女性には免罪符がなく、手抜きを許さない時代--『くらべない幸せ』を書いた香山リカ氏(精神科医、立教大学現代心理学部教授)に聞く
--まだ男性優位?
男性をめぐる社会の扱いに差がある。たとえばビル・ゲイツに対して、あの人はおたくでファッションもダサいなどと言う人はまずいない。カッコウの問題などどうでもよく、全人的にすごいよね、となる。このように男性はめざましい実績を残していれば、ほかのことは許されるところがある。
テロリストの味方か、さもなければアメリカの味方かというような、単純な2分法的な世界から発して、私はどちらでもない、あるいはもっとあいまいだ、とかそういう中途半端な立場がどこでも許されない。
特に女性は、性格的にはおとなしいが、こんなよいところもあるというような生き方が認められず、ばりばりやっているか、さもなければ負け組かみたいな、単純な勝ち負けに分ける2分法が横行している。
--男女が同じ基準で評価されない、と。
いままで日本人が刷り込まれてきたものを覆すのは難しいようだ。
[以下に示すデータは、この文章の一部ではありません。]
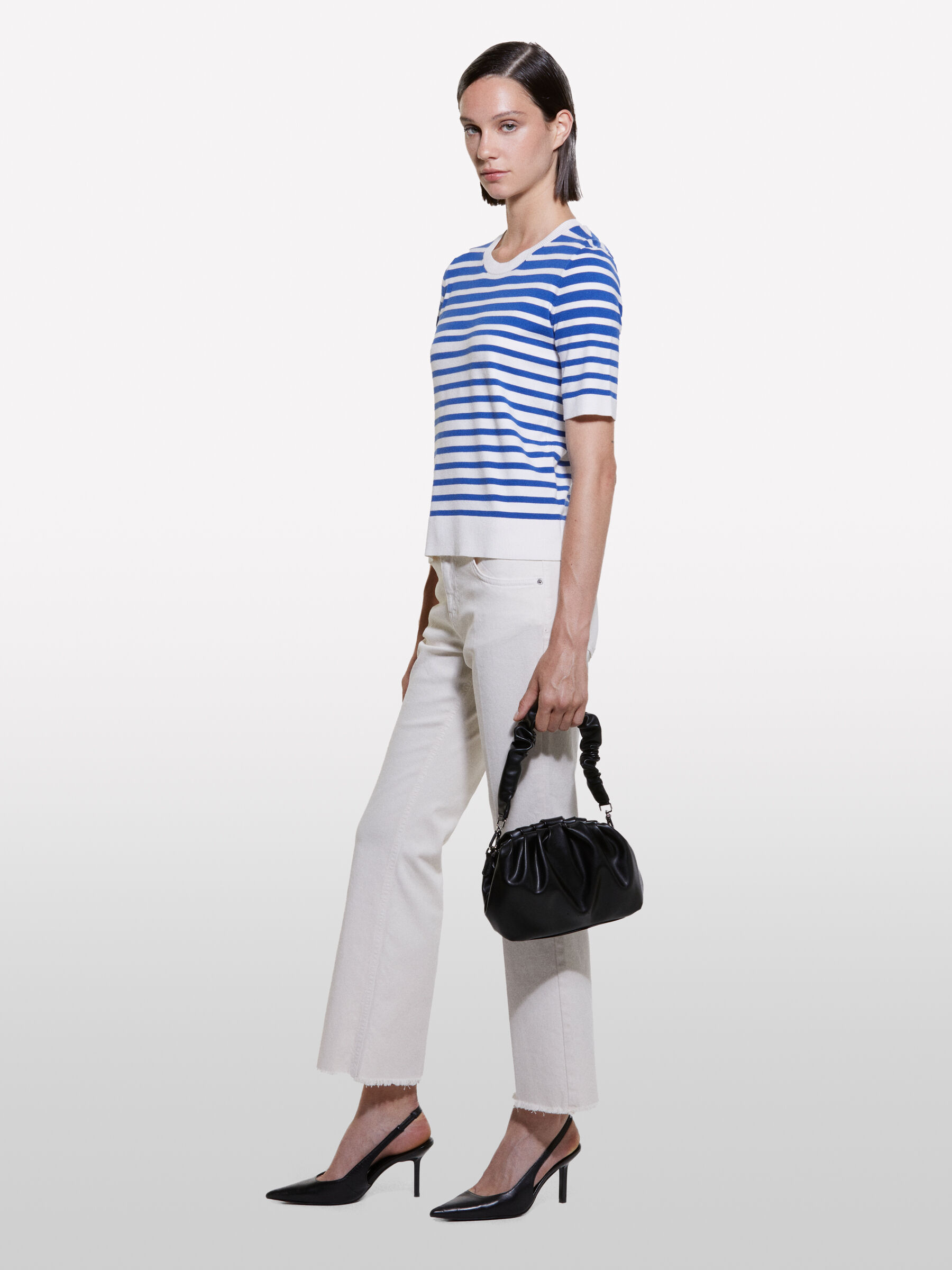 SWEATER &Gamma;&upsilon;&nu;&alpha;&iota;&kappa;&epsilon;ί&alpha; image number null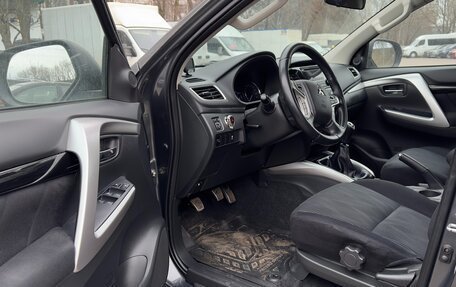 Mitsubishi Pajero Sport III рестайлинг, 2019 год, 2 470 000 рублей, 5 фотография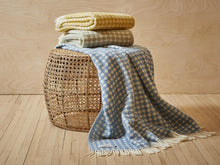 Load image into Gallery viewer, Jacquard Spot Pure New Wool Throw - Oil Yellow
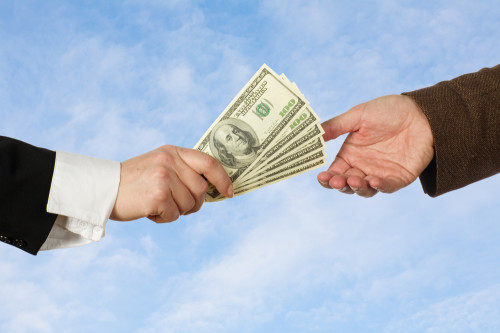 Мужчина даёт в долг доллары другому мужчине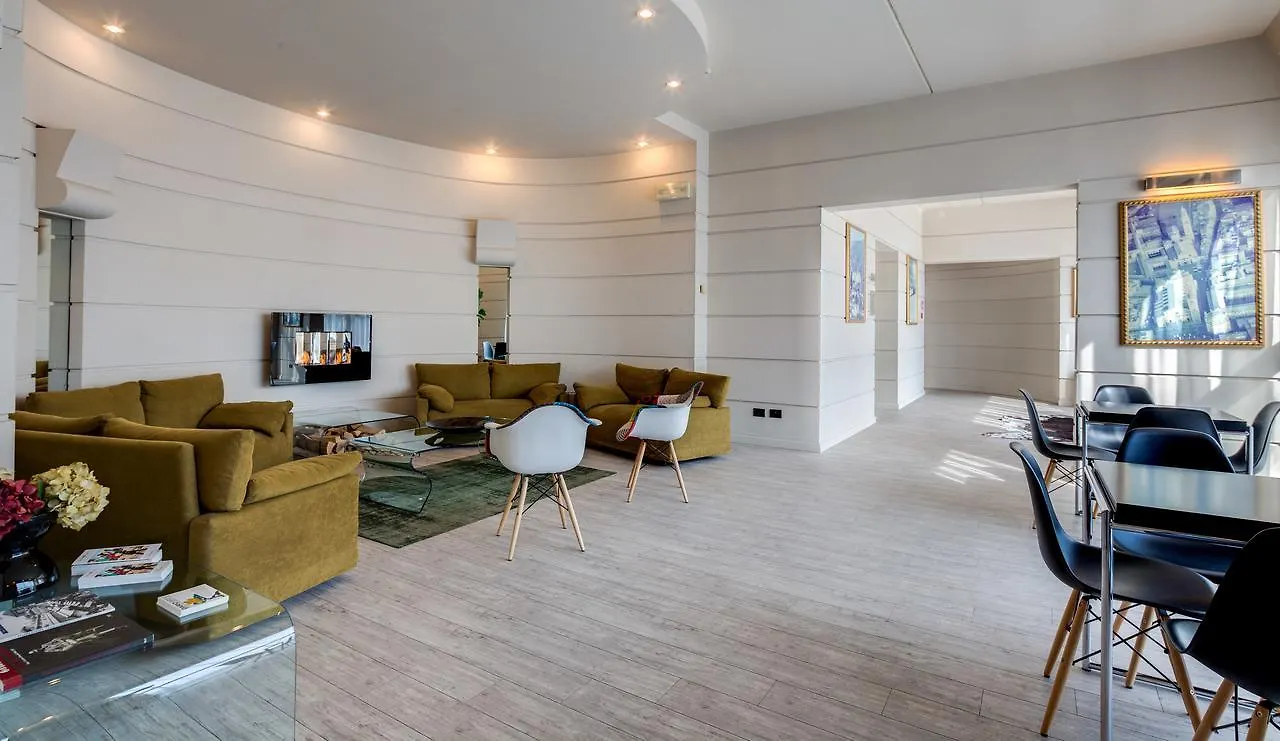 Best Western Plus Hotel Farnese Parma 4*,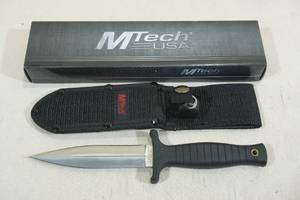 lot 27 image: M-Tech USA Stainless Steel Survival Knife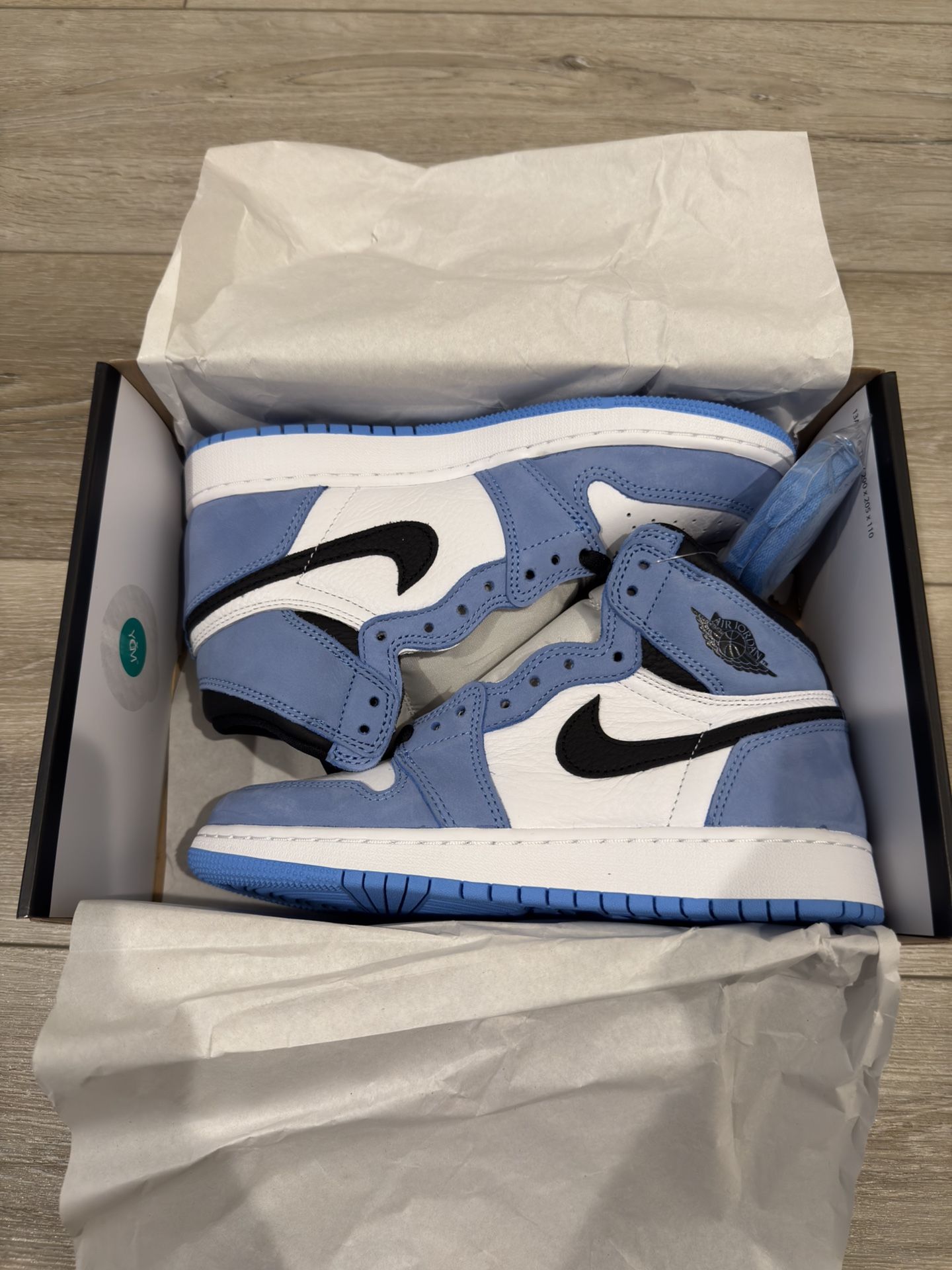 Air Jordan 1 Retro High OG GS University Blue Size 6Y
女性のほうもそういう時代が長く続いているので、かわいらしく振る舞い、男性に気に入られるほうが得と、対等に評価されることをハナからあきらめてしまう人たちもいる。
その人たちを非難するつもりはなく、それもサバイバルの方法だとは思うが。
--女性はことさらロールモデルを意識しますね。
女性の場合、時代によって継承される生き方が違ったので、その時代のシンボル的な人と、自分を比べてしまう人たちも少なくない。